# please help! not running! less active



## MarleeG (Nov 14, 2013)

Hello everyone,

I know I have posted something similar to this before. But my hedgehog daisy is still not running, and not very active in general at night.

A little background on her: Daisy is 6 months old, and her cage is kept at a consistent 75-76 degrees with a consistent amount of light as well. I also make sure to trim her nails, so I know that is not the issue. About a month ago I traveled back to my house for winter break (I got to college away from home), and I brought daisy with me. While I was at my house she was running and eating fine. I would hear her up wheeling for a good portion of the night. After I brought daisy back to my apartment at school she stopped running at night. At first I thought that maybe it was just her adjusting to the travel and being back home. However that was over a month ago, and she is still not very active and does not wheel at all most nights. Some nights she will climb on her wheel long enough to go to the bathroom, and then climb off and go back to sleep. 

I am really worried about her and do not know what could be causing this lack of activity. Have you ever experienced anything like this, or know what could be causing this? Thanks so much in advance!


----------



## Lilysmommy (Jan 7, 2009)

Is there a window in the room her cage is in? Is there any possibility there's light coming in through that at night, even with a shade on it? Are there any noises that frequently go on at night at your apartment?


----------



## MarleeG (Nov 14, 2013)

There is a window, with shades on it. However, there are no new lights outside that are shining in or anything like that. Any minimal light that comes in has always been that way :/


----------



## Annie&Tibbers (Apr 16, 2013)

Try putting a blanket covering her cage tonight anyway -- sometimes hedgehogs get more techy about light at they get older.

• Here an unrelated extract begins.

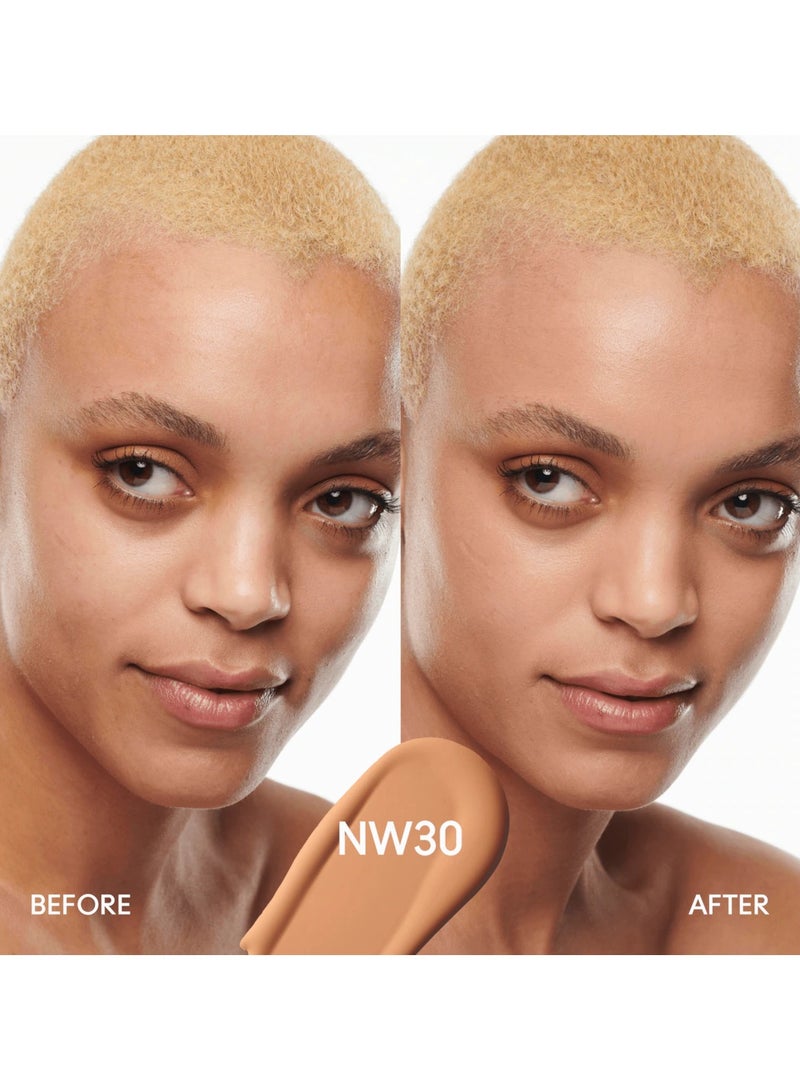 MAC Cosmetics Studio Radiance Serum powered Foundation NW30 - Image 3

Other reasons my tiny friend has stopped running before has been his nails are too long, the wheel is angled inappropriately, the wheel smelled funny (clean with vinegar to deoderize), and the wheel was wobbly (weigh down the base, or attach to cage).

Any chance the temperature is a bit lower than she likes?


----------



## MarleeG (Nov 14, 2013)

I will definitely try covering her cage tonight and see if that helps. If that doesn't help I will try cleaning her wheel! Thanks so much!


----------



## LufaMouse (Feb 20, 2014)

I'm having the same problem with my hedgehog where she gets on her wheel just to go to the bathroom and gets right off. I recently changed her heating bulb to a new type of bulb and am wondering if that's the cause. Otherwise, nothing has changed.
Let me know if you find an answer, please. Best of luck!


----------



## dog&hedgehog (Feb 19, 2014)

I have noticed my boy is doing the same thing! I recently bought a bigger cage for him where I can put toys in and a tube or two. I also got him a litter box that he was using GREAT for the first week or two but then started eating his poop, not eating his soft food treat I give him each night, and not running on his wheel as much. I am so parainoid because this is my first hedgie experience and I can't stand the thought of something being wrong with my baby!


----------



## lilsurfergrlsp (Dec 13, 2013)

I used to have the same problem with my girl - I tried introducing her to the wheel, she would sniff around, poop/pee, then get right off. This was at nighttime, with only a dim lamp on in her room.

I noticed she started using her wheel only when it was really dark in her room. No lights on (there aren't any windows in her room), and the door cracked just a tiny bit to let some of the light from our living room in. Then I started waking up to a messy wheel :lol: 

I also tilted it just a tad to make sure she won't fall off it when she was running. 

So maybe a dark room and tilted wheel would help?


----------